Two or three days later, Joseph waded into the water to baptize his mother and neighbor Sarah Witt Rockwell, the first women to become members.  Church membership on that day numbered eight souls.

Shortly after that second day of baptisms, Joseph traveled to Fayette.  He was at the Whitmer home on April 10th recording the revelation known as the Articles and Covenants of the Church.3  The Fayette branch was organized on Sunday April 11th.  At this significant meeting, ten members were added to the rolls, including six of the Book of Mormon witnesses.  Oliver Cowdery gave the first public discourse, and the members rejoiced in the newly restored Church of Christ, which now consisted of two branches and eighteen members.4  Growth continued in the following weeks, and by the end of April, membership reached twenty-six, with the Smith and Whitmer families positioned prominently.

Around this time, according to David Whitmer, observers questioned the legality of the budding Church, saying it had not been properly organized.  Today it is clear that this criticism was unfounded — there were no laws in New York at that time regulating unincorporated religious societies5 — but in David Whitmer’s memory, this questioning resulted in efforts to more formally organize the Church.6  These efforts culminated in a meeting at the Whitmer home with an assemblage of more saints than had previously gathered together.  On June 9, thirty to forty believers formed the first conference of the church, with many traveling from surrounding areas for the occasion.  At this session, Church leaders and members ratified the Articles and Covenants, partook of the sacrament, confirmed new members, performed priesthood ordinations, issued priesthood licenses, and kept minutes of the business conducted.7  As time progressed, early members recalled this larger and arguably more substantial meeting as the organization of April 6, 1830, confusing the historical record.  

Palmyra/Manchester stream, “Crooked Brook,” site of the April 6, 1830 baptisms.

I was introduced to the confusion surrounding the organization as I read in Rough Stone Rolling, Richard Bushman wrote: “Historians have speculated that a Fayette meeting shortly after April 6 was confused with the Manchester organizational meeting.”8  As I became more familiar with the historical puzzle it drew me in, I wanted to know what caused the confusion and disunion of sources.  Early published references in The Evening and the Morning Star name Manchester as the location of the April 6th meeting, but in isolation this source is not unimpeachable — the printer could have been confused or misinformed.  However, Joseph’s father is known, by multiple witnesses, to have been baptized on April 6th in Manchester, not Fayette.
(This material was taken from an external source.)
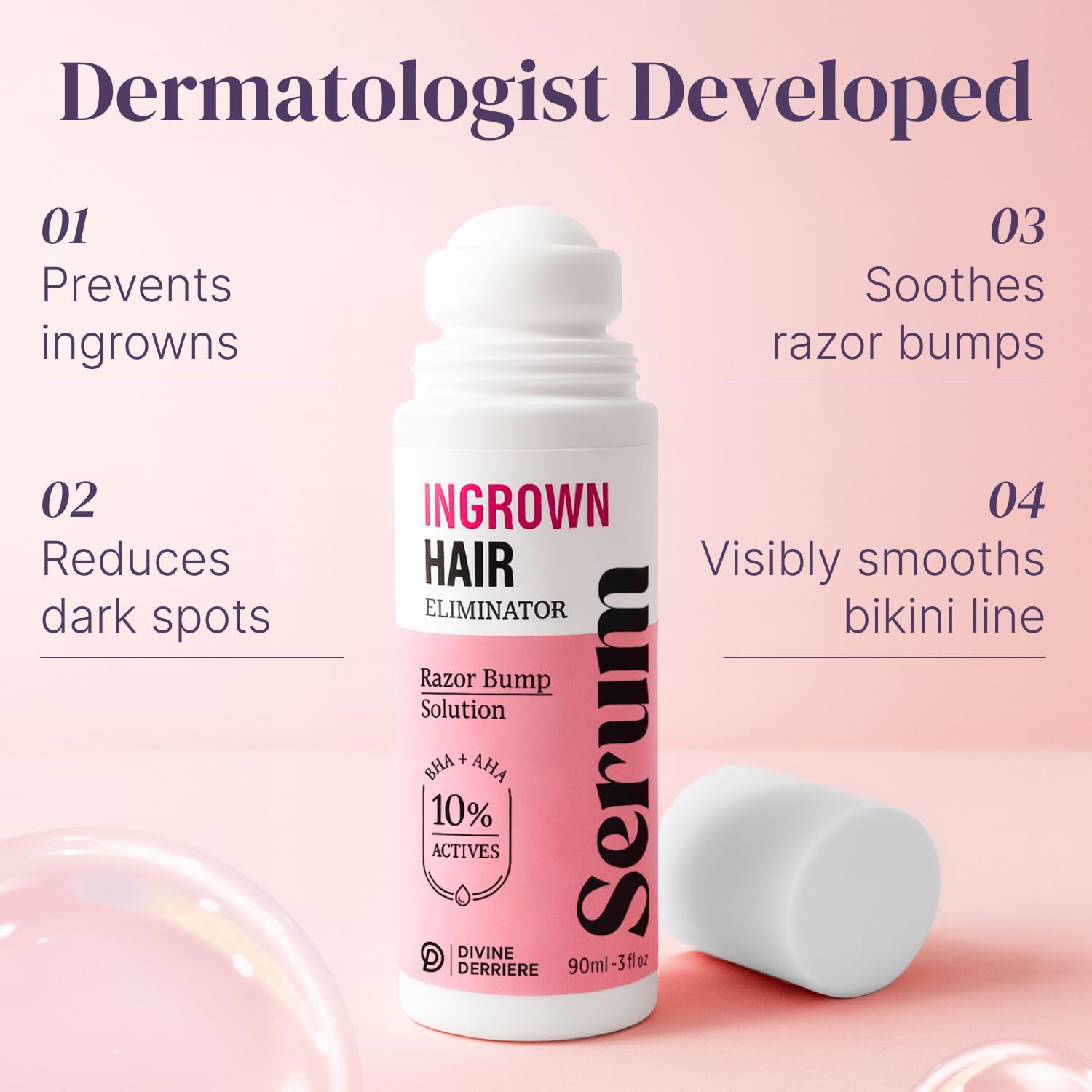 Divine Derriere Razor Bump roll-on in action soothing irritation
I wondered if any baptisms also took place in Fayette on April 6th; the presence of baptisms would strongly indicate that a meeting was held there.

I realized that the answer to this last question resided in the complete list of the first twenty-seven members of the church, the full membership before the conference of June 9th.  History of the Church included most of them, but a few names were missing, and the locations of all the baptisms were not specified.  Compiling this list became my personal quest.

As the list came together, a new question emerged.  Seven men were baptized in 1829 before the organization.  The traditional account names six of them as founding members, excluding only one.  What happened to John Whitmer? Why were there not seven original members?

The list also confirmed that all the baptisms of April 6 occurred in Manchester.  How could a meeting so far away from the baptisms be explained? Assuming that thirty or more people met together on April 6, as the traditional account stated, I was surprised to find that only two were baptized on that day.

The story eventually did come together, thanks in large part to the Joseph Smith Papers project and online access to original documents.  Invaluable insight also came from a BYU Studies paper of 2010, “Legal Insights into the Organization of the Church in 1830.”9  Here David Stott shattered my traditional understanding of the organization by concluding that there was no legal reason to recognize six original members, that the intent in 1830 was to form a religious society instead of a corporate entity, and that the organizational activities associated with the meeting at the Whitmer farm paralleled customary practices of other churches organizing in the region at the time.  This legal insight came to act as a third leg of my platform, and when teamed with 1) the list of the original twenty-seven members, and 2) the evidence supporting David Whitmer’s sequence of organizational events, then the narrative of the Manchester branch-founding as the first meeting of the Church came to rest on a stable footing.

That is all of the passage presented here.